Automation versus procreation (aka bots versus tots)
It is widely thought that we will see a reduction in demand for (human) labour due to technological improvements in robotics and artificial intelligence in the next few decades. Figure 1 depicts a simple model of the labour market where demand and supply interact to determine an equilibrium wage and employment level. Automation would shift the demand curve to the left. On the other hand, it is virtually certain that demographic forces – such as the retiring of the baby boomers – will shift the supply curve to the left as well. Both demand and supply suggest that there will be a decrease in employment. The effect on the equilibrium wage is ambiguous: it depends on which curve shifts the most.

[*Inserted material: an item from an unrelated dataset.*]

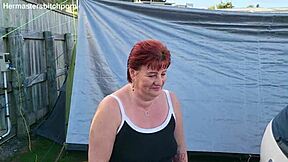filthy kiwi milf pisses publicly at campground with campers watching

Figure 1 Demand and supply of labour
There is a long history of concern about automation replacing human workers (see, for example, Frey and Osborne 2013 for a historical overview). However, the US economy has been able to absorb large changes in the supply and demand for labour during the 20th century. Figure 2 depicts births in the US from 1920 to 2010. Note the ‘baby dearth’ during the recession and WWII followed by the dramatic increase in the birth rate of the ‘baby boomers’ during the period 1946-1964.
Figure 2 Live births by year
Source: Bureau of Labour Statistics
Millions of baby boomers entered the labour market during the period 1966-1986. At the same time, we saw a dramatic increase in women entering the labour market, as shown in Figure 3.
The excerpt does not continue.